• **Supplied data**

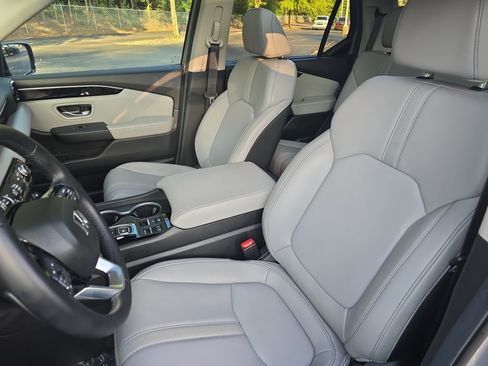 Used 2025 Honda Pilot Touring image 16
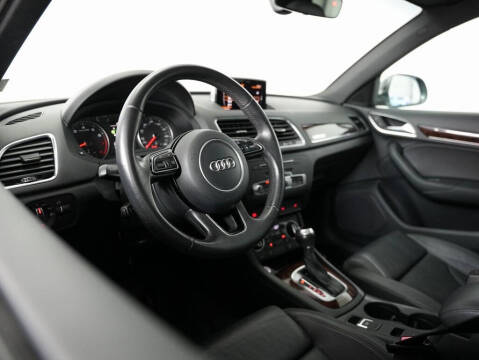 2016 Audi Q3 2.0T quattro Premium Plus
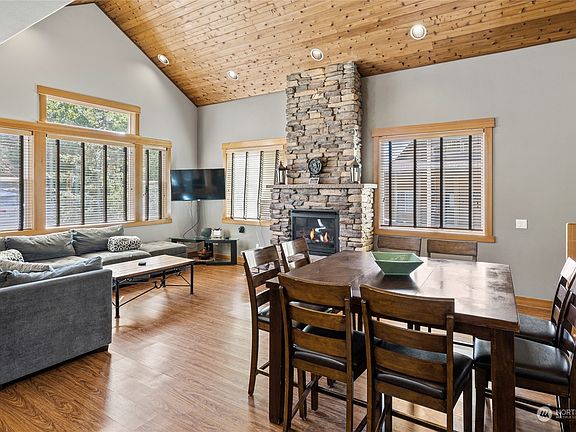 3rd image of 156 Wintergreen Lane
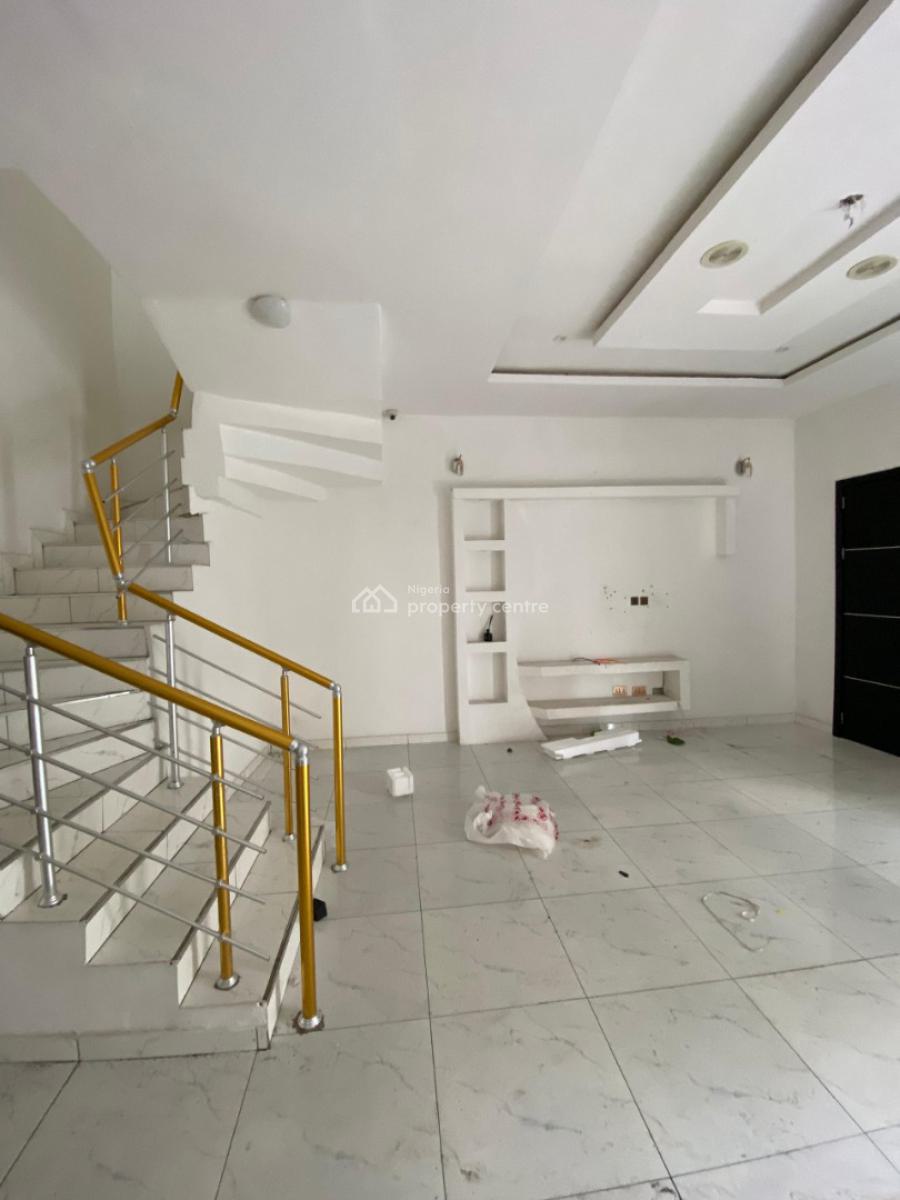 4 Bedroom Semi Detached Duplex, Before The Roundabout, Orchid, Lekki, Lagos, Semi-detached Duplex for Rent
--
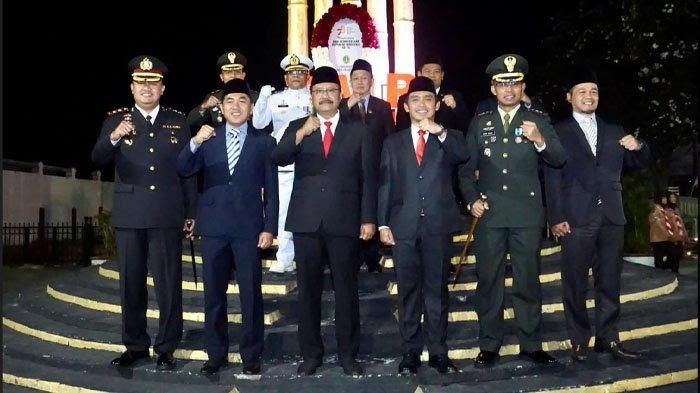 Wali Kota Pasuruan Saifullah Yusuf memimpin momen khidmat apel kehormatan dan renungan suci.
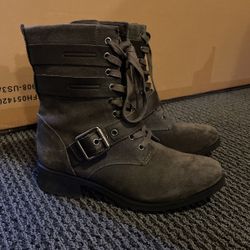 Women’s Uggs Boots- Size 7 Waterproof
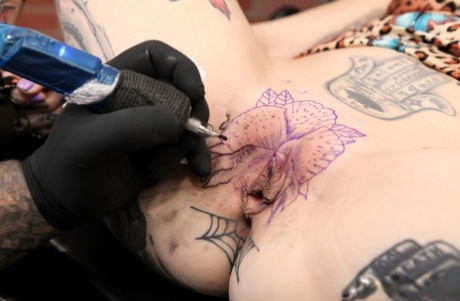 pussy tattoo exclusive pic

• **What is required**
How would the lines above read from the one with "Used 2025 Honda Pilot Touring image 16" to the one with "4 Bedroom Semi", inclusive, with no pictures? Write them out exactly.

• **Output for this exercise**
 Used 2025 Honda Pilot Touring image 16
 2016 Audi Q3 2.0T quattro Premium Plus
 3rd image of 156 Wintergreen Lane
 4 Bedroom Semi Detached Duplex, Before The Roundabout, Orchid, Lekki, Lagos, Semi-detached Duplex for Rent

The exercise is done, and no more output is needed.